The door creeks open and van Meegeren (played by Geordie Johnson) comes into the room and stands before us—good suit, hair slicked back, dashing. He talks of Lucifer who he considers to be the ultimate faker who fooled God into believing he was something he was not. He made a fool of God and that’s what van Meegeren says he wants to do with the Nazis, to fool them with the painting.
Johnson is compelling, devilish, charming, and dangerous. You can see how he would draw people in to believing him. He certainly puts the charm on Geert Piller. And he’s full of conviction when talking about his art. He pops morphine tablets as if they were mints. Van Meegeren is a drug addict and alcoholic.
As Geert Piller, Irene Poole is also formidable. She is out to break van Meegeren and she is ruthless, cold and unbending. She too is full of conviction when talking about art and certainly about what van Meegeren has produced.
It’s directed by Richard Rose and with his designers—Charlotte Dean on the set and costumes, and the lighting by André du Toit—he has put us into that world.
When van Meegeren is painting Piller in her blue dress, Andre du Toit recreates the light in the painting that is terrific. Moody, eerie, arty.
Comment. What is the playwright Kate Caylie trying to say in The Bakerlite Masterpiece? I don’t know. Truly. Cayley has written dialogue that is complex and lyrical at the same time. It’s very articulate. It expresses ideas, but as for the play’s theme and focus I just don’t know.
She writes in such broad, vivid brush strokes that the small details are lost. Is she saying that in art we can’t tell the fakes from the real paintings? In reality van Meegeren wanted to get back at the critics who dismissed his work so he created a fake Vermeer and got his revenge when they said it was real.

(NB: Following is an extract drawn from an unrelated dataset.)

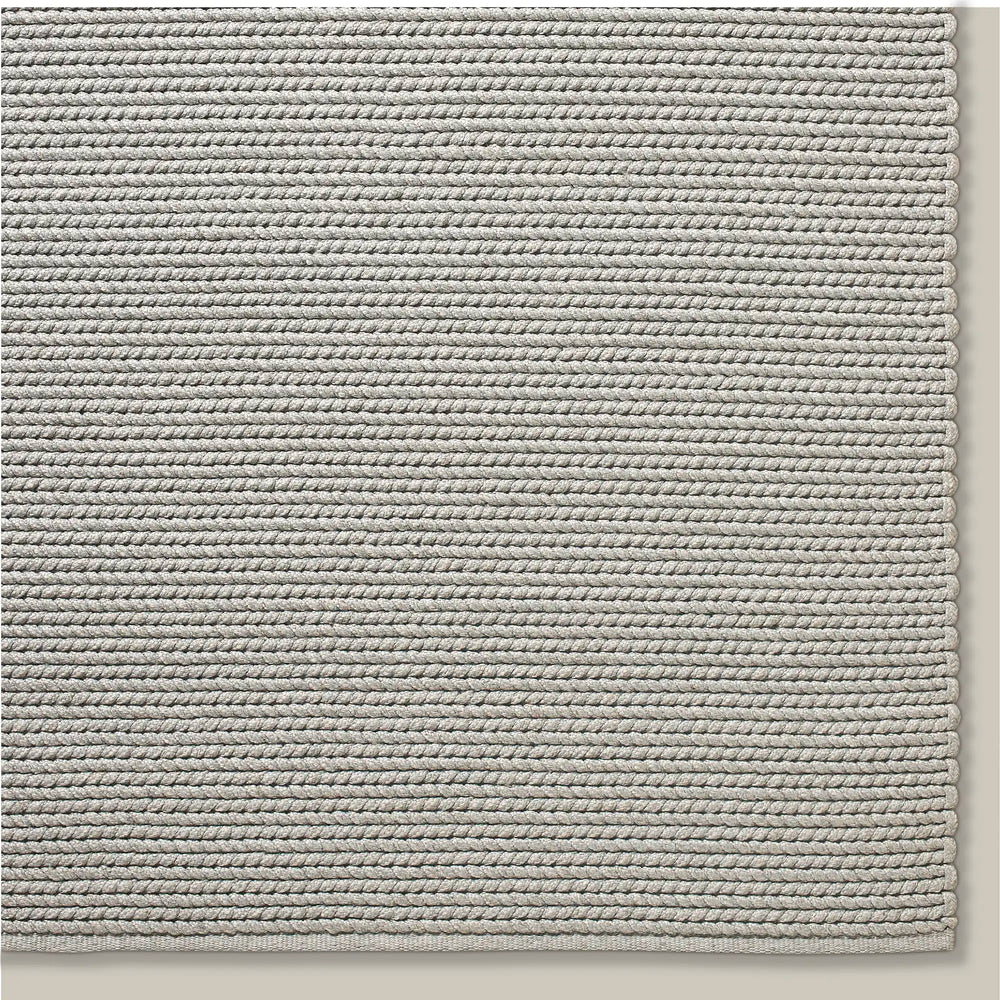 Lemieux et Cie Tricot Handwoven Outdoor Rug in grey, textured handwoven rug with horizontal rope-like rows, shown on neutral studio backdrop.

If that’s the point of the play, then I think Miss Cayley has to be more focused and clear. Piller says that van Meegeren is such a minor painter he just couldn’t paint this fake as he says he does. If Piller knows it’s a fake what difference does it make who painted it? What am I missing?
Miss Cayley says the play is fiction with a kernel of fact at the centre. With her elegant dialogue and interesting ideas Miss Cayley has a kernel of a play at its centre. I think it needs another pass and more rigorous attention to what she really wants to say.
Produced by the Tarragon Theatre
Opened: Oct. 29, 2014
Closes: Nov. 30, 2014
Cast: 2; 1 man, 1 woman
Running Time: 75 minutes, approx.
www.tarragontheatre.com
{ 2 comments… read them below or add one }
Bakelite was not invented by van Meegeren. It is an plastic first used in the early 1900’s and he was not repainting a Woman in a Blue Dress but doing a brand new image, in the play.
I agree the play is too static but there is some argument about what is real, ‘plastic’,
or fake; what reflects the artist’s persona and what is just a pastiche of his style.
Geert Piller’s character is just not clear enough, is her anger because van Meegeren fooled even her or what did happen to her family? Was she Jewish, as van Meegeren implies. A lot of loose ends that do not explain her pity at the end.